These labels are helpful as context propagated in distributed traces.

Pods

Pod configuration must allow NET_ADMIN capability. If your cluster enforces pod security policies, pods must allow the NET_ADMIN capability. As described in Chapter 5, while injecting the service proxy sidecar, Istio uses an init container to manipulate the iptables rules of the pod in order to intercept requests to application containers. Although the service proxy sidecar does not require root to run, the short-lived init container does require cap_net_admin privileges to install iptables rules in each pod just prior to starting the pod’s primary containers onboard to the service mesh.
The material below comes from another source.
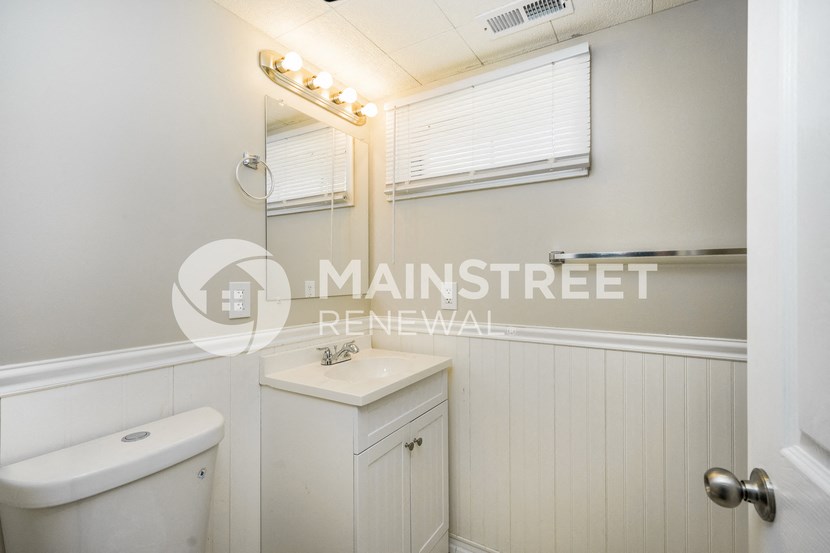 a small bathroom with a toilet and a sink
Manipulating iptables rules is an action that requires elevated access through the NET_ADMIN capability in the Linux kernel. Pods that have this kernel-level capability enabled can manipulate with the networking configuration of the other pods as well as can manipulate networking configuration on their host node. Most Kubernetes operators avoid allowing tenant pods to have this capability or at least those that operate a shared-tenant cluster.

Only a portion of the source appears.